• _What you have to do_:
Set down the data below exactly; pictures stay out.

╔══

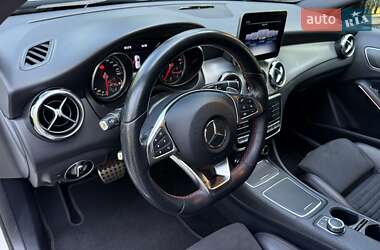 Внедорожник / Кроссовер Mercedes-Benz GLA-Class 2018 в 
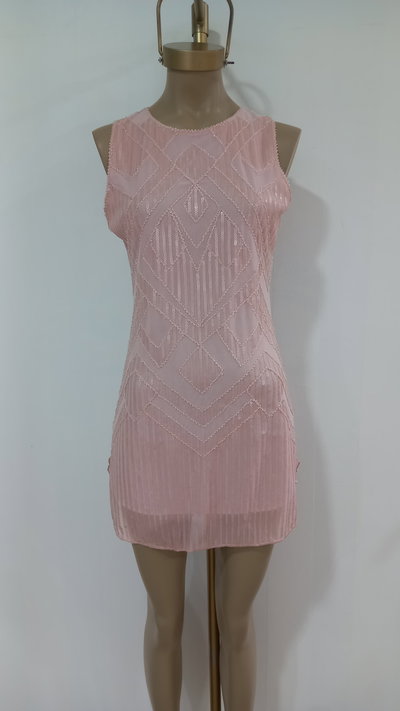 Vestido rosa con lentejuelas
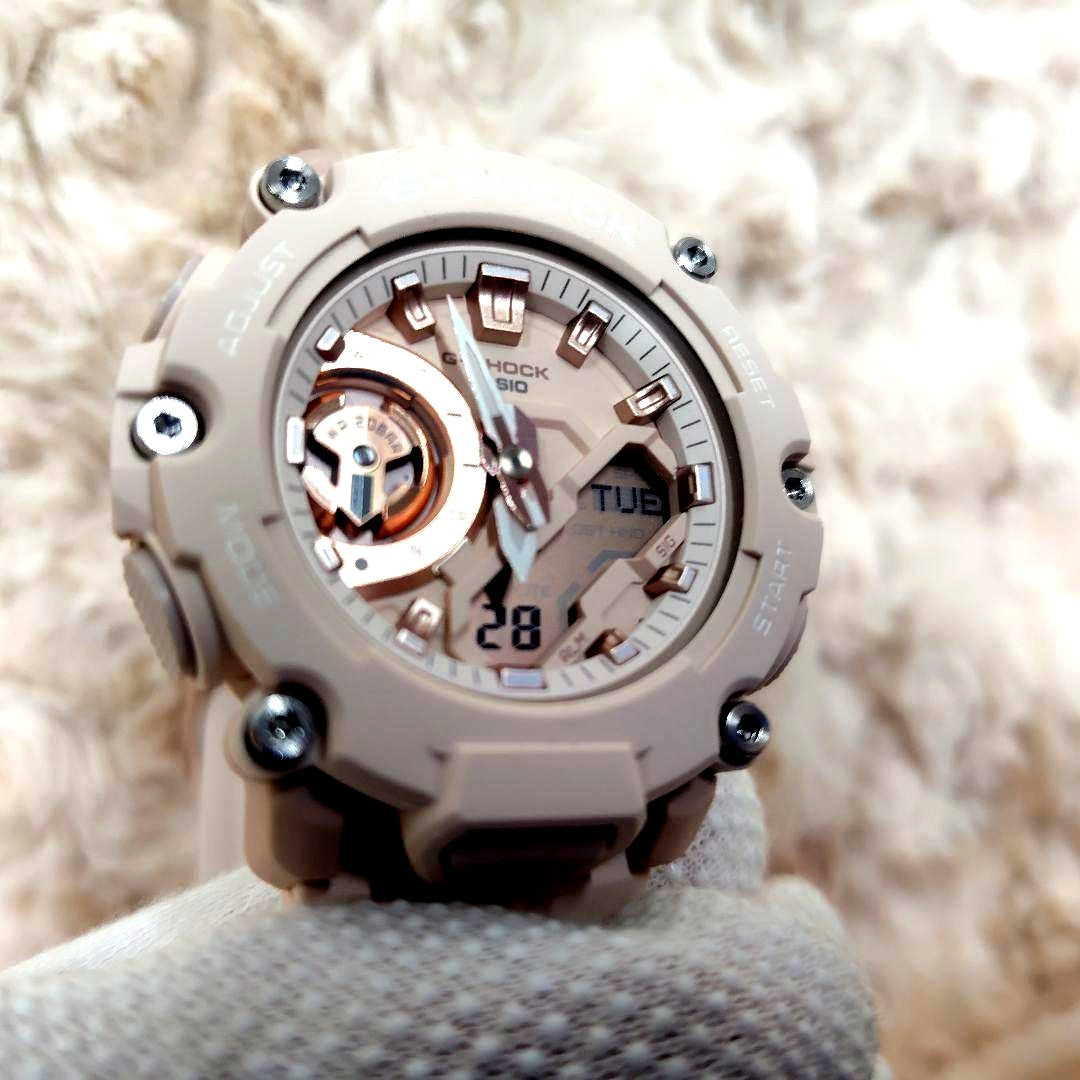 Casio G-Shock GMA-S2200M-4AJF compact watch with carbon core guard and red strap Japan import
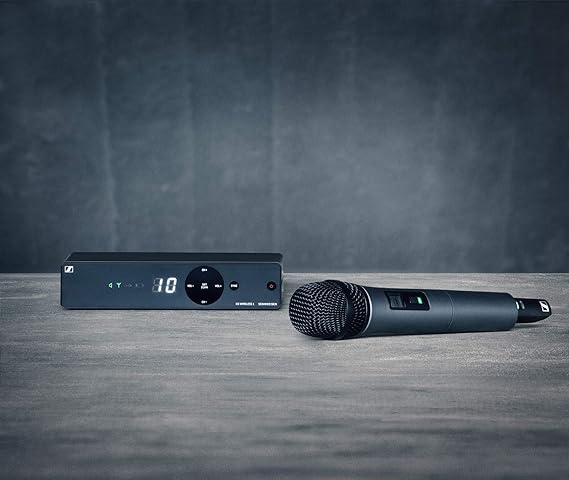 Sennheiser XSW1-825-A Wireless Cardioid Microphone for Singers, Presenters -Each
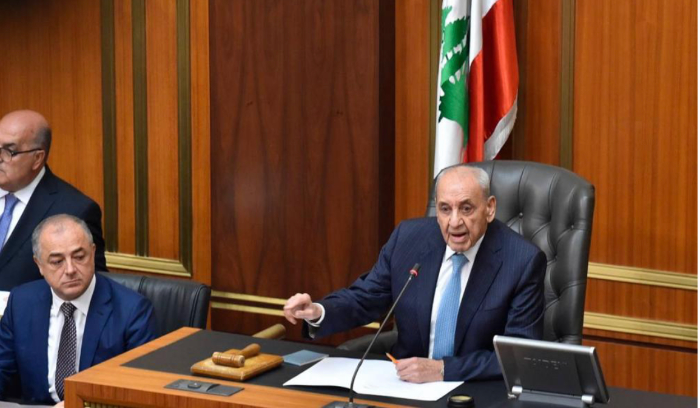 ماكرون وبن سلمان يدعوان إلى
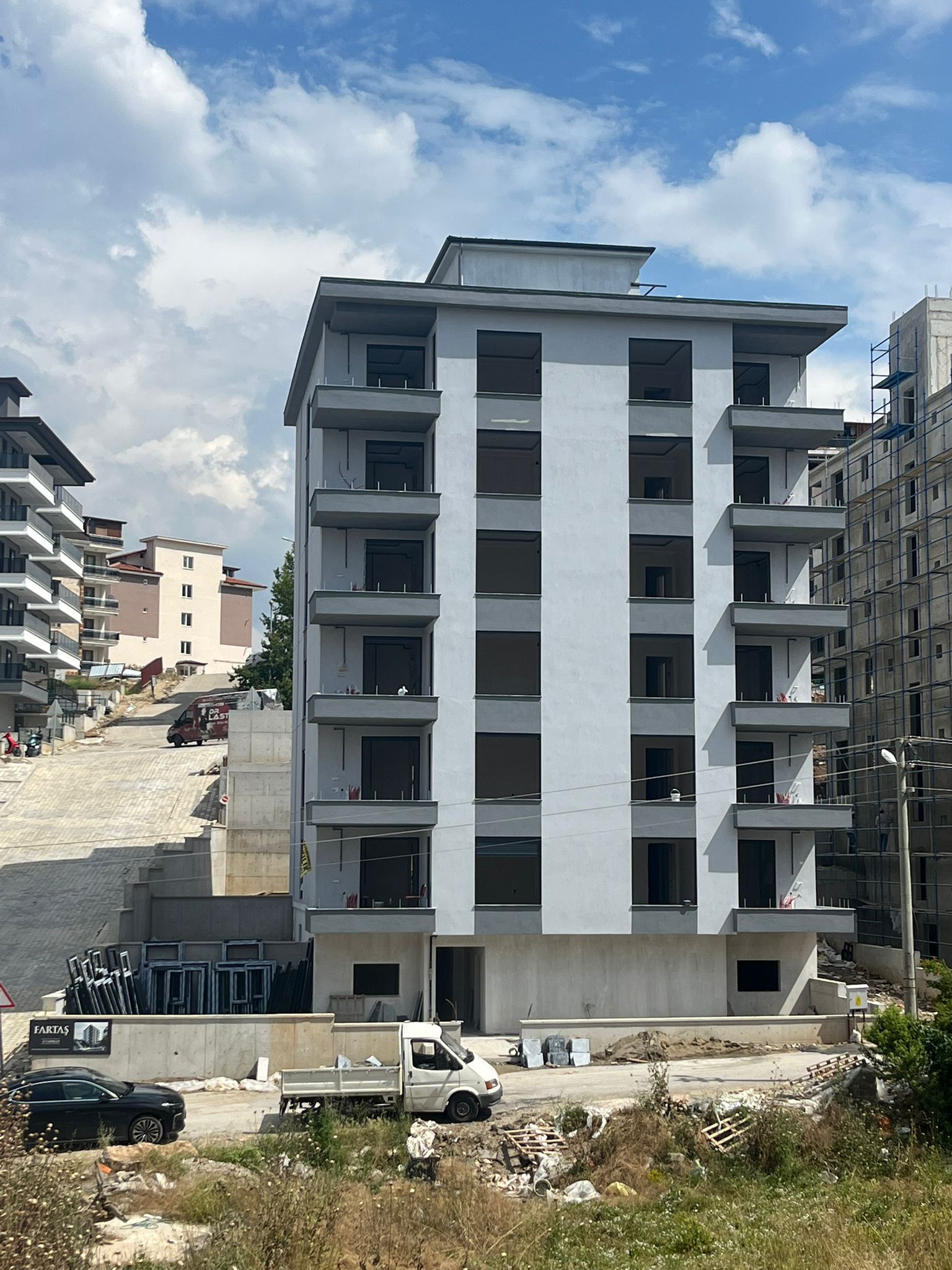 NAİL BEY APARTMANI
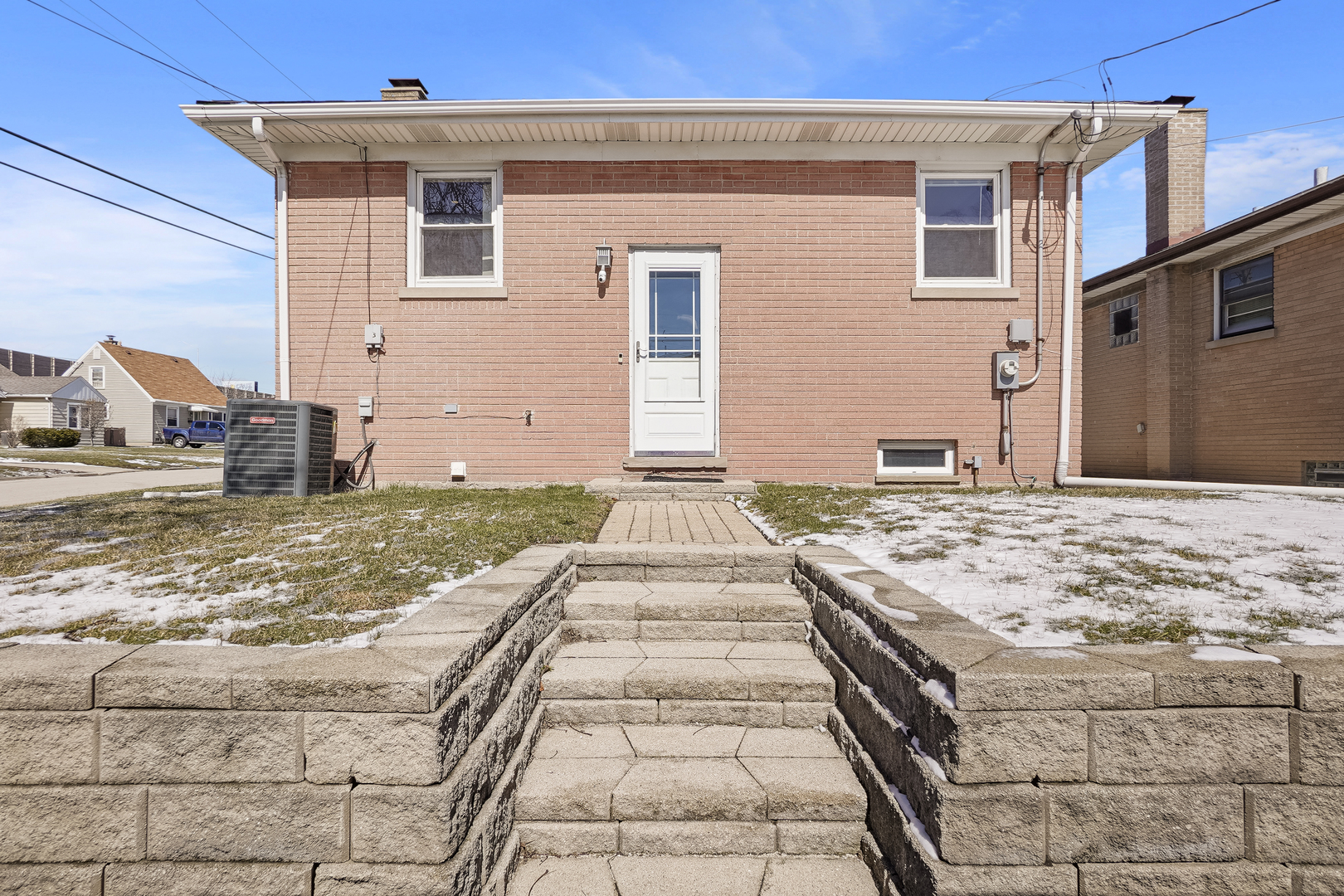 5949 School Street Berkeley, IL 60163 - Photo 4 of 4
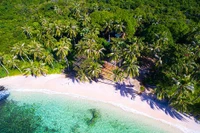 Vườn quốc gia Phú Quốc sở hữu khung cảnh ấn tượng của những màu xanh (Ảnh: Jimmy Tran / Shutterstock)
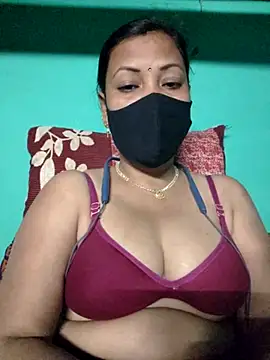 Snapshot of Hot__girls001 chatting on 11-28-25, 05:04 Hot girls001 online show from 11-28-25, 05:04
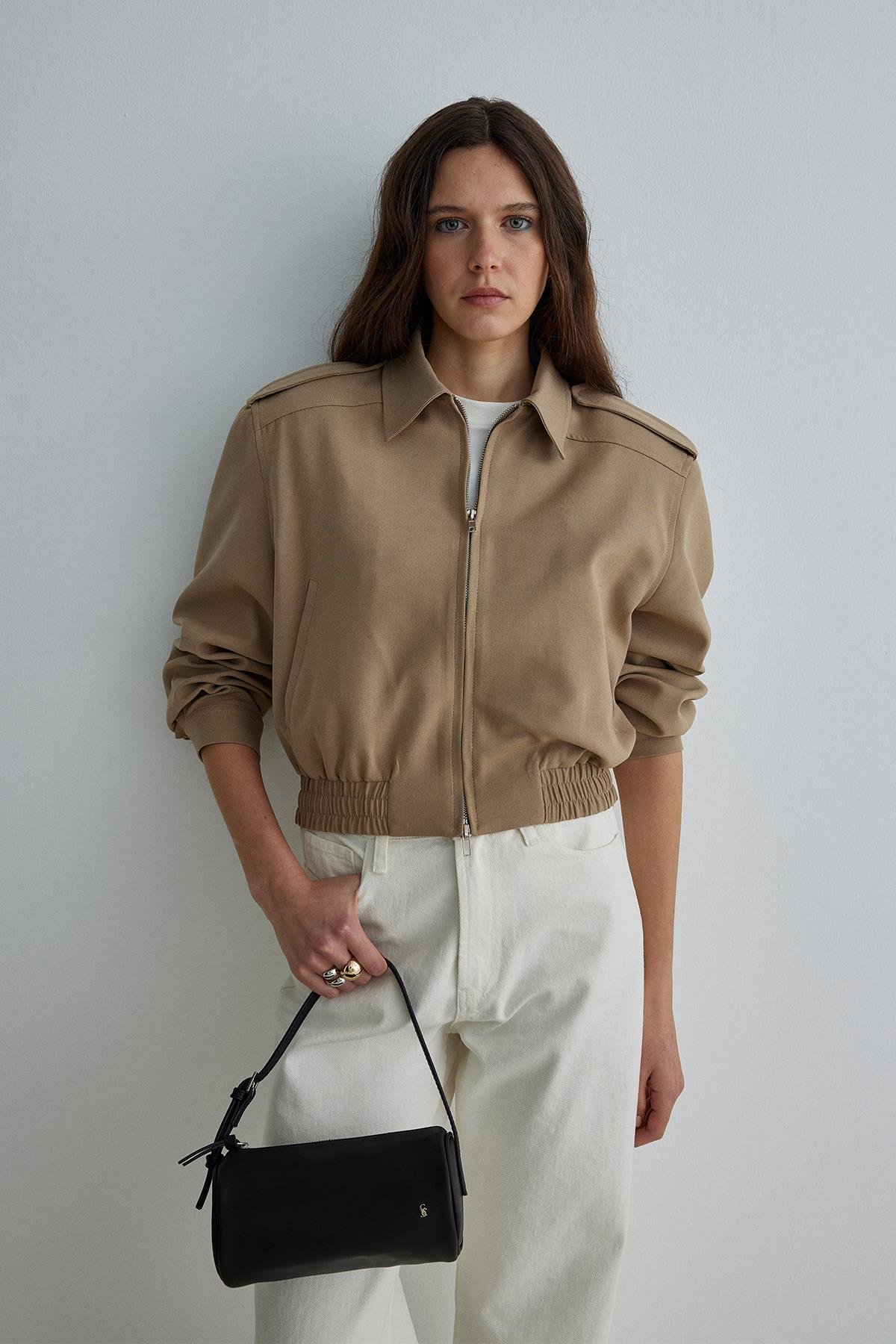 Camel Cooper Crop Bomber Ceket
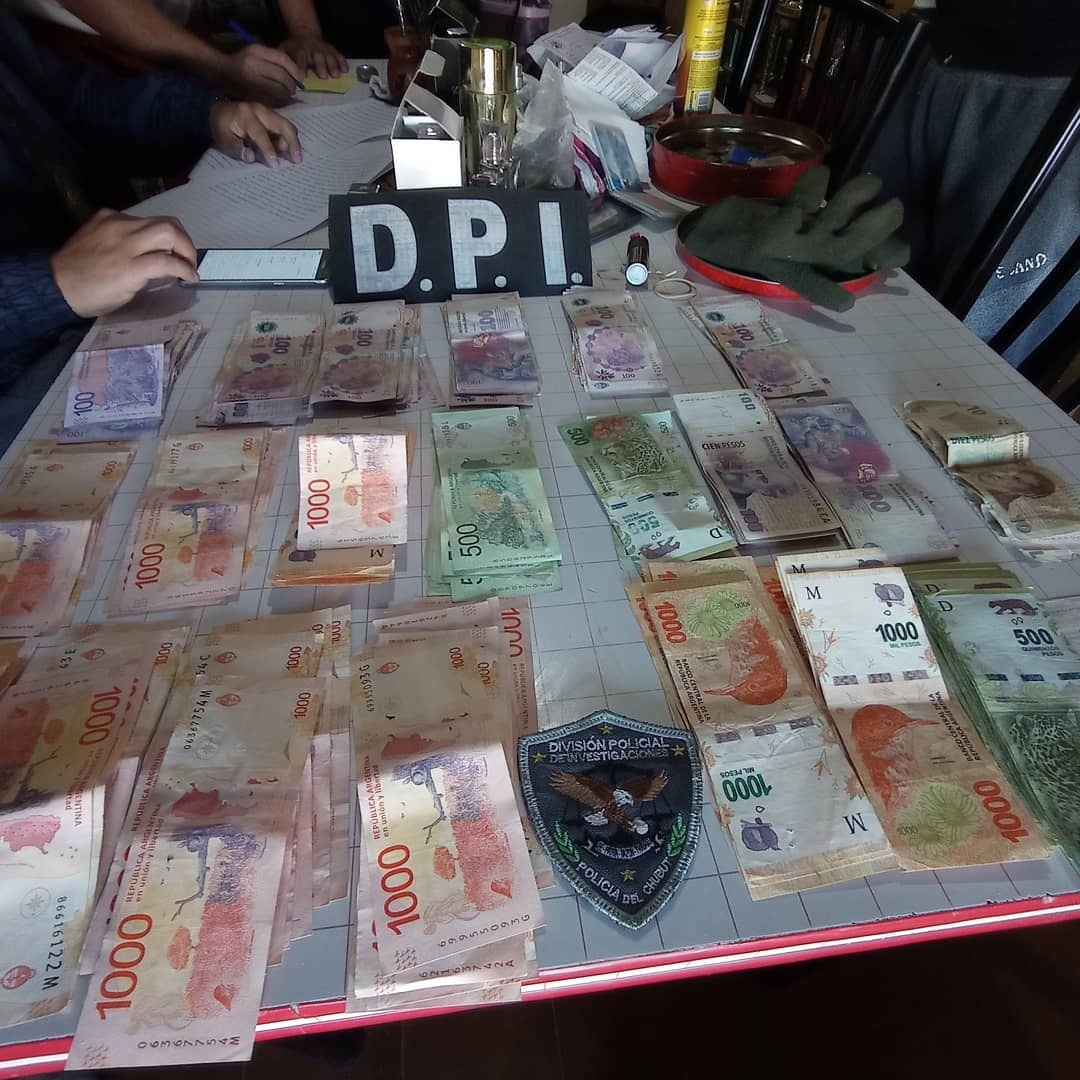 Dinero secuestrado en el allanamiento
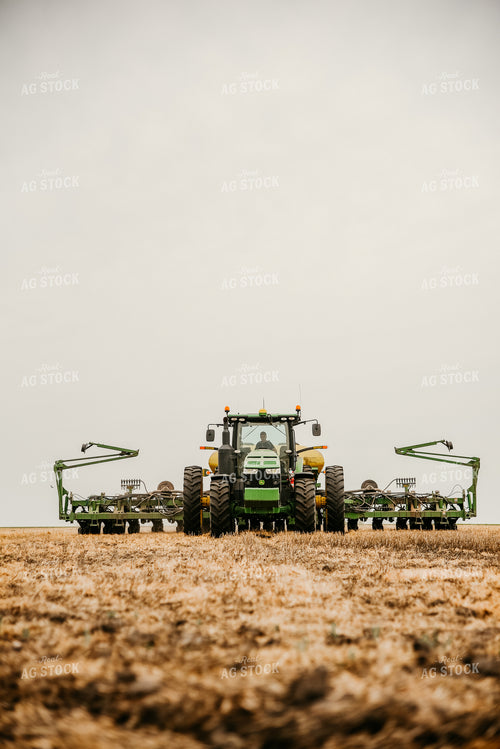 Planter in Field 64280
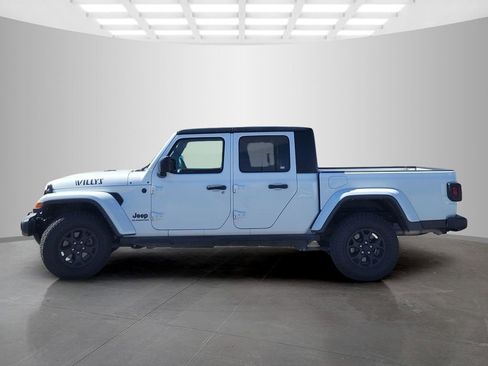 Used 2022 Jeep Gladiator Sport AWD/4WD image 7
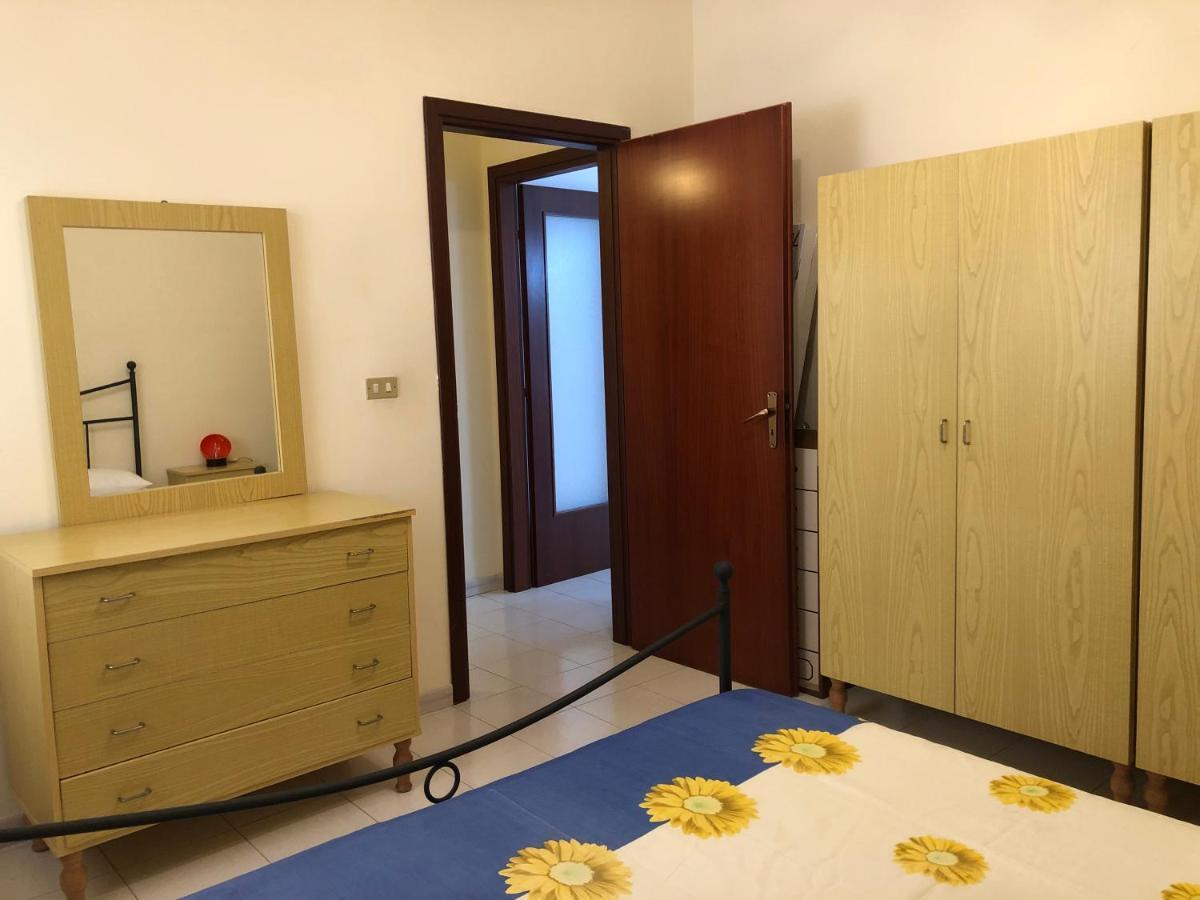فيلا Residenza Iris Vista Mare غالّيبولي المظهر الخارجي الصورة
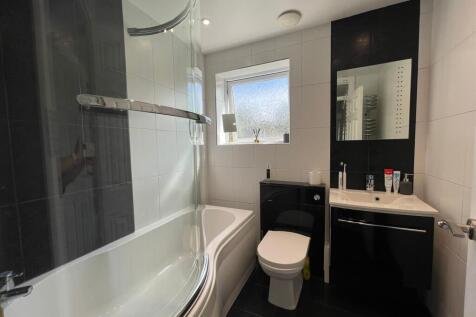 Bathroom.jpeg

╚══

• _Result of the task_:
 Внедорожник / Кроссовер Mercedes-Benz GLA-Class 2018 в 
 Vestido rosa con lentejuelas
 Casio G-Shock GMA-S2200M-4AJF compact watch with carbon core guard and red strap Japan import
 Sennheiser XSW1-825-A Wireless Cardioid Microphone for Singers, Presenters -Each
 ماكرون وبن سلمان يدعوان إلى
 NAİL BEY APARTMANI
 5949 School Street Berkeley, IL 60163 - Photo 4 of 4
 Vườn quốc gia Phú Quốc sở hữu khung cảnh ấn tượng của những màu xanh (Ảnh: Jimmy Tran / Shutterstock)
 Snapshot of Hot__girls001 chatting on 11-28-25, 05:04 Hot girls001 online show from 11-28-25, 05:04
 Camel Cooper Crop Bomber Ceket
 Dinero secuestrado en el allanamiento
 Planter in Field 64280
 Used 2022 Jeep Gladiator Sport AWD/4WD image 7
فيلا Residenza Iris Vista Mare غالّيبولي المظهر الخارجي الصورة
 Bathroom.jpeg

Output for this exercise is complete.